Soon after joining his new position Siegel formed a close relationship with his new colleagues, working together without the thought of personal ambition. They would meet every Thursday afternoon, from four o’clock to six o’clock, talking about various matters.

Very soon, Siegel, Hellinger, Epstein, and Dehn began to collaborate on various matters. The seminar on the history of mathematics, started in 1922, was one such event. It continued for thirteen years and in later years, Siegel often looked back at them as the happiest memories of his life.

The participants at the seminar were required to study the works of ancient mathematicians in their original language. Yet, the number of participant was never less than six and together they studied the works of Euclid, Archimedes, Fibonacci, Cardan, Stevin, Viète, Kepler, Desargues, Descartes, Fermat, Huygens, Barrow and Gregory.

Siegel was also a dedicated teacher. In the beginning, he had few students; in the advanced courses there were only two. One day both of them were delayed and reaching late in class, they found that Siegel had already started teaching, having filled up a whole section of the blackboard.

By 1928, he had 143 students attending his differential and integral calculus classes, as a result of which, he had to spend a lot of time correcting their papers. In spite of that, he continued with his research work.

In 1929, he published an important paper concerning linear equations. Known as ‘Siegel’s lemma’, it is pure existence theorem, referring to the bounds on the solutions of the said equations obtained by the construction of auxiliary functions. Also in the same year, he proved ‘Bourget's hypothesis’.

In 1932, Siegel discovered an unpublished manuscript, written in 1850s by Bernhard Riemann. From this work, he derived an asymptotic formula, which later became known as ‘Riemann-Siegel formula’.

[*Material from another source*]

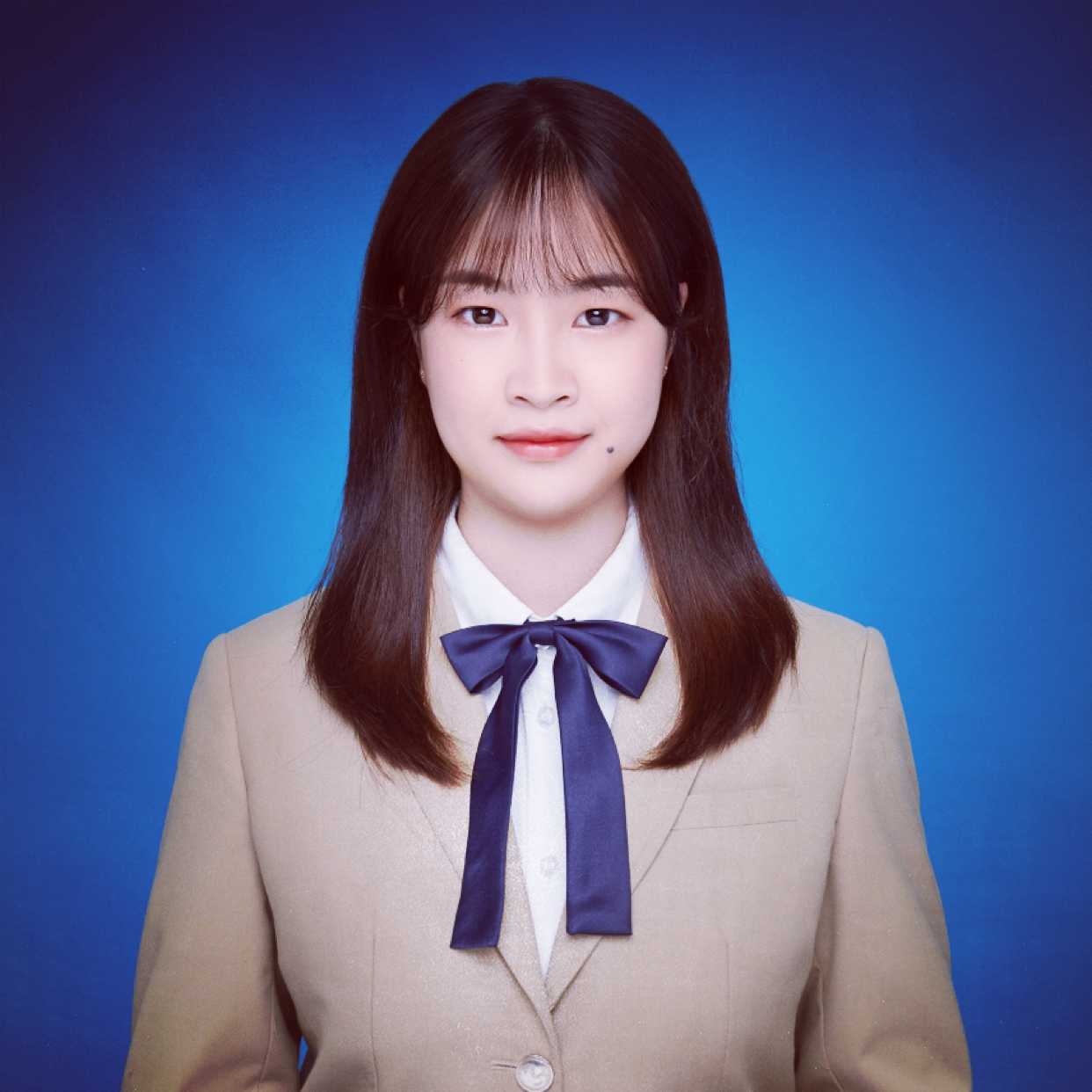 须虞的照片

On 30 January 1933, Hitler came to power in Germany and on 7 April 1933 the Civil Service Law was promulgated, removing Jewish teachers from the universities. Although Siegel was not affected by it, his friend, Otto Szász, was dismissed from service and Siegel found that very much disturbing.

From January 1935 to June 1935, he spent six-month sabbatical leave at the Institute for Advanced Study at Princeton, USA. On his return he found that Epstein, Hellinger and Dehn had been dismissed from their post. Sometime in the same year, he corrected an error in the Smith-Minkowski formula.

In 1936, he went to Oslo, Norway to attend International Congress of Mathematics on the invitation of the International Mathematical Union. It was a great honor for him because being invited to speak at ICM is almost like being inducted into the hall fame.

In 1937, he was invited to join University of Göttingen. Accepting the position towards the end of the year, he moved to Göttingen in early 1938. Here too he found that life, both inside and outside the campus, was highly influenced by Nazi policies.

Disturbed by the political atmosphere Siegel led a somewhat retired life in Göttingen. However, it did not stop him from pursuing his academic interest. In 1939, he started working on what later came to be known as ‘Siegel Modular Form’. In the same year, he also introduced ‘Siegel upper half-space’.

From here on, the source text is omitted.